- Born: 1948 (age 77–78) Shanghai, China
- Education: Shanghai Art School
- Known for: Chinese Abstraction

Chinese name
- Chinese: 仇德樹
| Transcriptions |

= Qiu Deshu =

Chinese contemporary artist

Qiu Deshu (仇德樹; born 1948), is a Chinese contemporary artist. He is best known for founding Caocao (Grass Grass) Group, an artist collective which endeavored to promote artistic originality, in 1979.

== Early life ==

Qiu Deshu grew up in the former Shanghai French Concession, where he attended after-school art classes at the Luwan District Children's Palace. There, he developed his enthusiasm and passion for art by studying drawing, Western painting, and ink painting. Qiu Deshu's artistic career began as an "artist-worker" during the Cultural Revolution. While Qiu worked as a factory worker at a leather factory which later became a plastics factory, he kept a sketchbook in his pocket and drew portraits of his colleagues during breaks at the factory. Between 1970 and 1973, Qiu attended the Shanghai Art School (上海美術專科學校) for "worker training", during which he created political cartoons with his classmates and teachers.

== Career ==

=== Caocao (Grass Grass) Group ===

In 1977, he moved from the factory to the Luwan District Cultural Palace, where he curated a series of exhibitions. He later established Caocao (meaning: Grass Grass) group, a collective consisting of twelve artists. The name Caocao was chosen as it symbolizes the "strength of life", for grass grows almost everywhere and is a symbol of hope. The three major goals of Caocao Group were independent spirit, independent technique, and independent style.

Turning away from Socialist Realism, the Caocao group rejected the use of ink painting as a political gesture of nationalism. They instead associated with the ideology of Chinese literati art, which was considered as a cultural relic to the Maoist regime. At the same time, they were also eager explorers of modernism, celebrating both forms of art.

The group exhibited at the Luwan District Cultural Palace in February, 1980. The exhibition, titled Painting for the '80s, included watercolors and traditional paintings, as well as experimental works reminiscent of the Cubist and Expressionist works the artists had seen in books. However, the authorities soon shut down the exhibition and condemned it, along with the Grass Group itself, as a "typical example of bourgeois liberalism in the Luwan District Cultural System."

=== Fissure Art ===

Shortly after the Painting for the '80s exhibition, Qiu began to develop a series called Fissuring in 1982. Qiu was inspired from a crack on an old slate by chance, which is when he started to create works for his Fissure Series. Struggling to achieve a formal breakthrough with his experiments in torn paper, he discovered a new direction in these fissures.

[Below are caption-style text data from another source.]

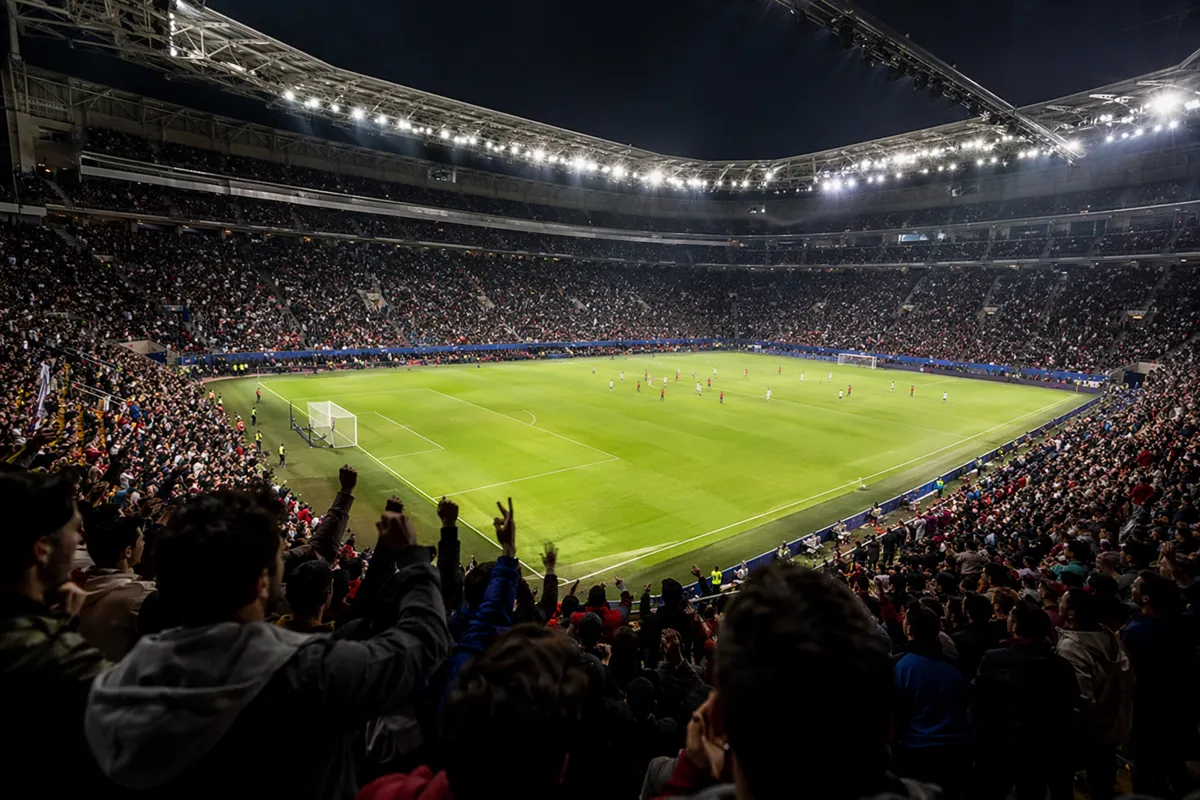 Wide shot of a modern football stadium during a professional match, bright floodlights, bl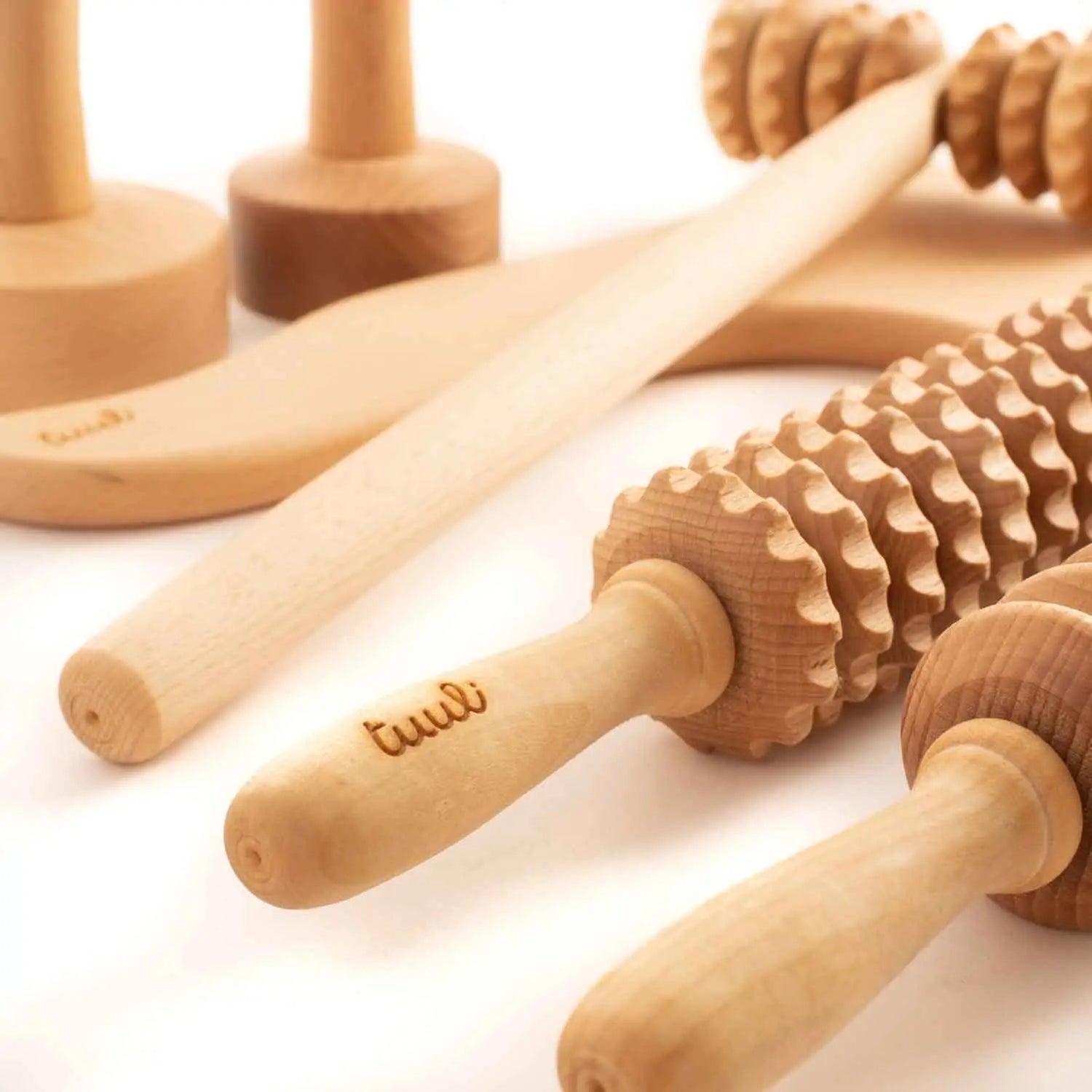 Assorted maderotherapy tools in beechwood—cups, rollers, paddle and multi-piece sets—on a neutral background, Tuuli collection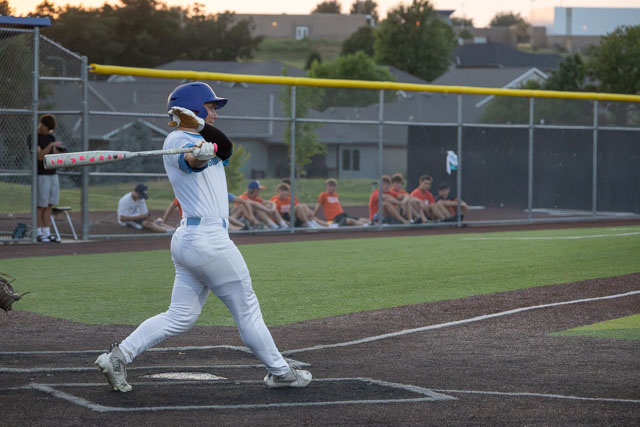 A baseball player in a blue helmet and white uniform swings a bat during a game while a group of spectators sits in the background.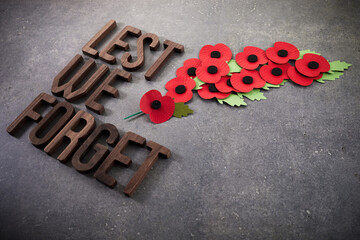 World War remembrance day. Red poppies on dark stone background. Lest we forget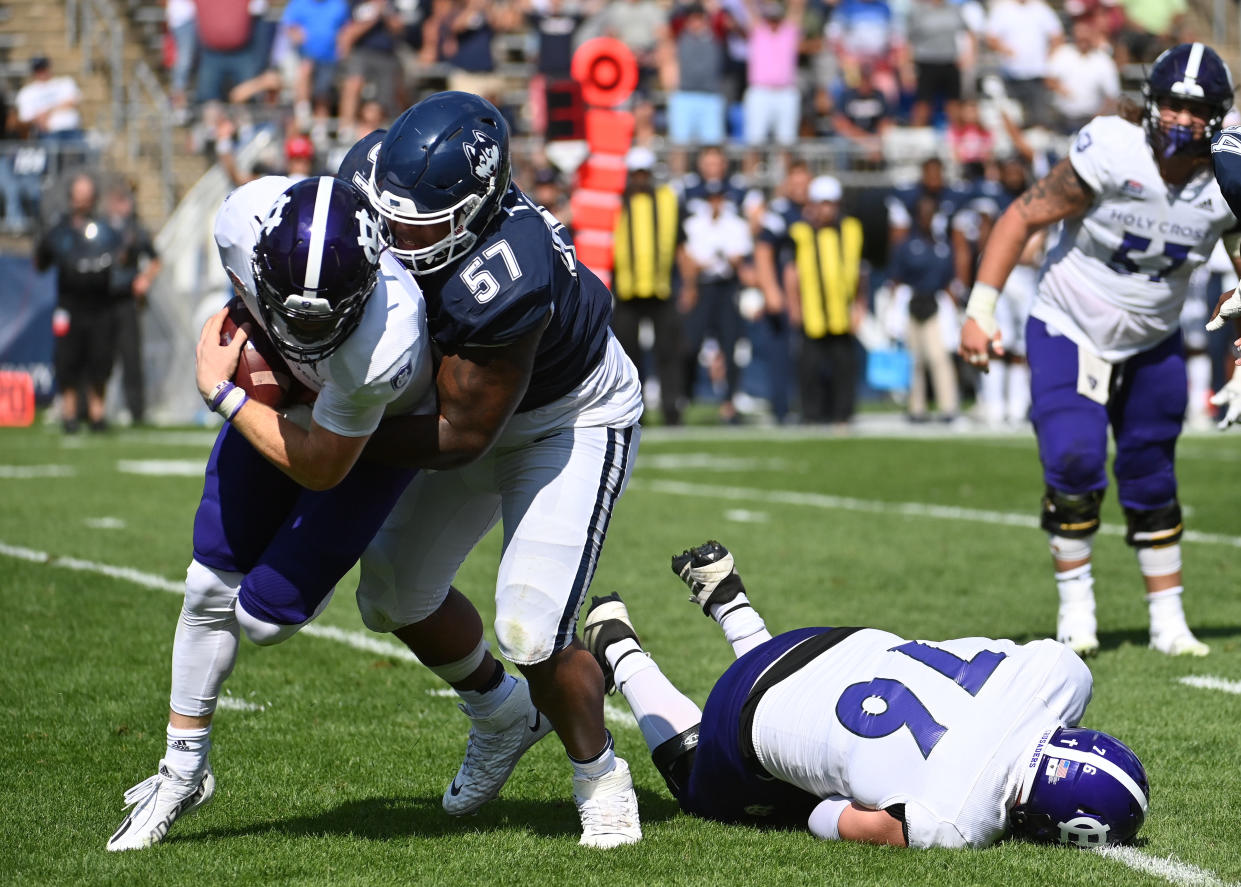Connecticut DT Travis Jones (57) can swallow up ballcarriers in a hurry. (Photo by Williams Paul/Icon Sportswire via Getty Images)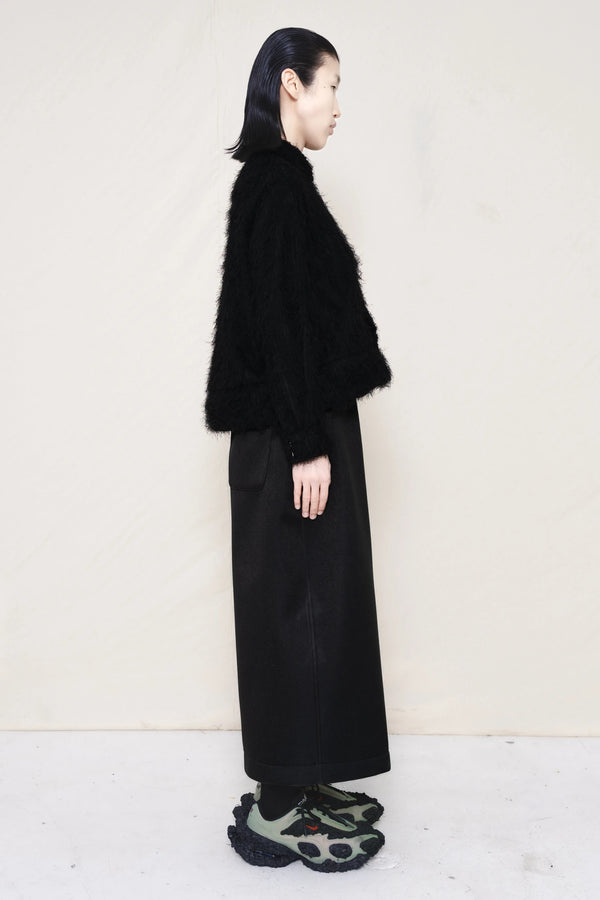 Man-wearing-A-black-COLLARED-HAIRY-JACQUARD-BUTTON-DOWN-WITH-FOAM-BOTTOM-DETAIL-over-wide-black-trousers-and-custom-shoes-against-a-plain-background-full-body-side-view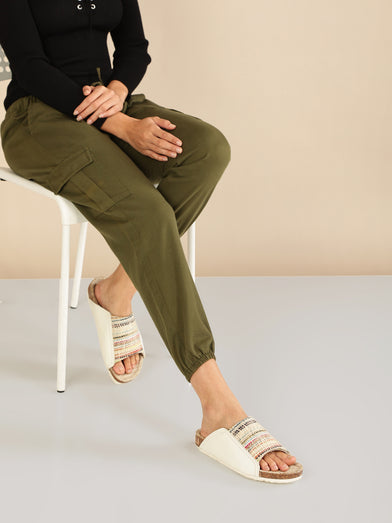 Person wearing olive green cargo pants sitting on a chair with a beige wall background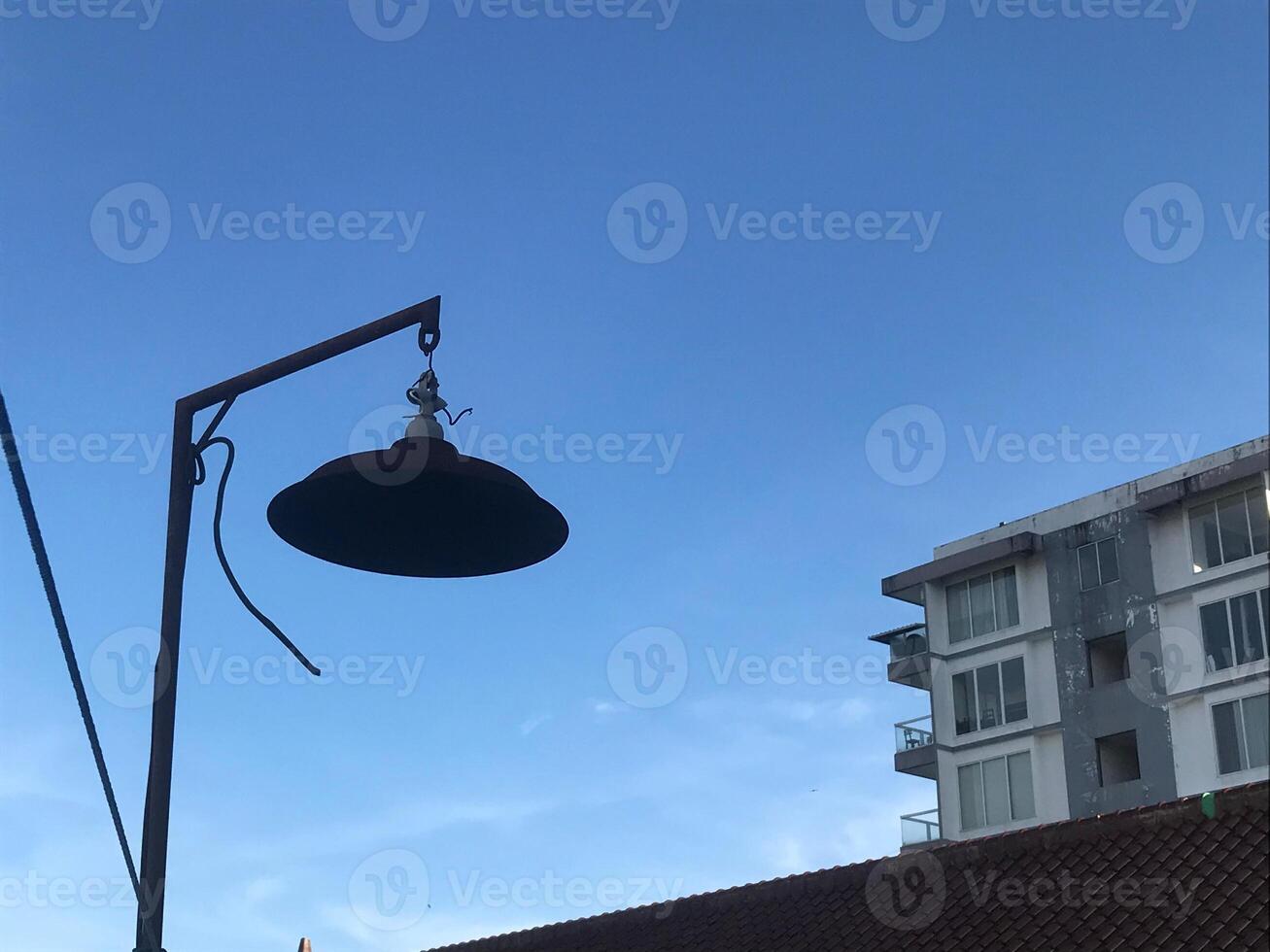 Lamp hanging from a pole in front of a building photo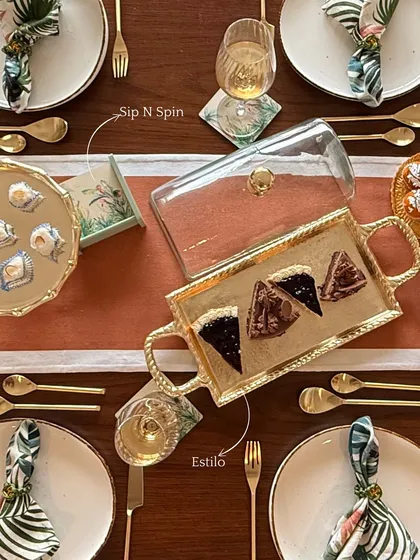 This view of our festive table showcases our Estilo serving tray with a glass cloche and our Sip N Spin coasters. Each piece is designed to create sweet moments, styled beautifully.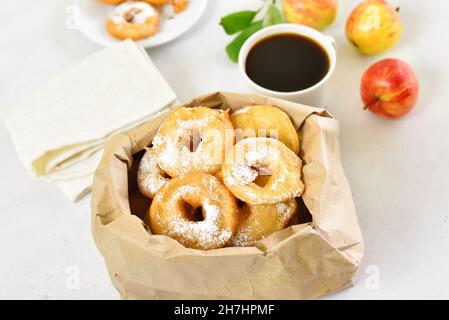 Donuts with powdered sugar in paper bag. Apple rings Stock Photo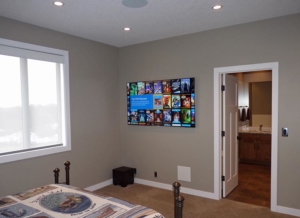 K&W Audio's clean installation of an 8K LED TV, floating elegantly in a Calgary living space.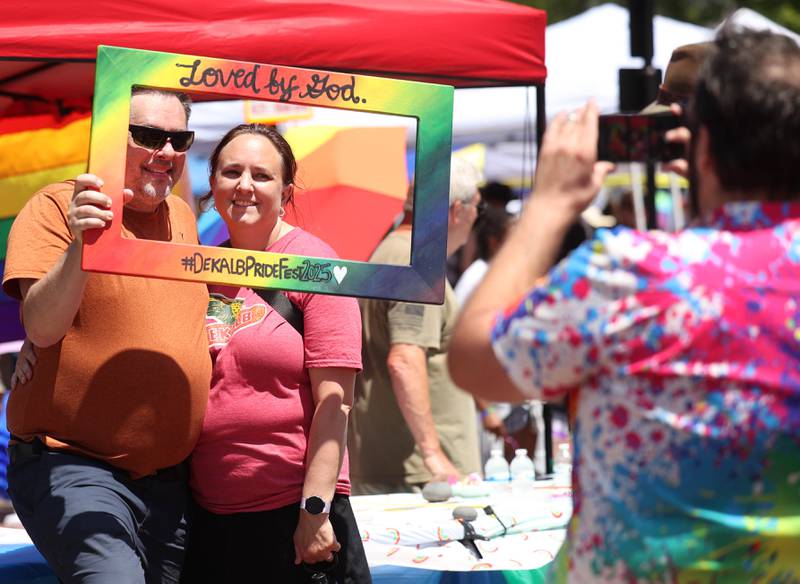 Visitors have their photo taken at one of the booths Saturday, June 21, 2025, during the DeKalb Pride Fest in front of the Egyptian Theatre in DeKalb.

No longer using ink and color to directly create forms or lines on the surface, he instead applies solid or abstract patterns of ink and color onto the backing paper or canvas, and then pastes fragments of plain painting paper onto the surface. Since then, abstract fissures or cracks became the central image or structure of his work. He has continued to study the techniques and deepened its themes in the past two decades.

In 2008, he was honored with a major solo exhibition at the Shanghai Art Museum, and he remains one of the most influential and active contemporary ink artists today.

== Museum collections ==

Qiu's works are included in the institutional collections of the National Art Museum of China, Beijing; Shanghai Art Museum,, Shanghai; Asian Art Museum of San Francisco, San Francisco; Museum of Fine Arts, Boston, Boston; Yale University Art Gallery, New Haven; Taichung Provincial Art Museum, Taichung.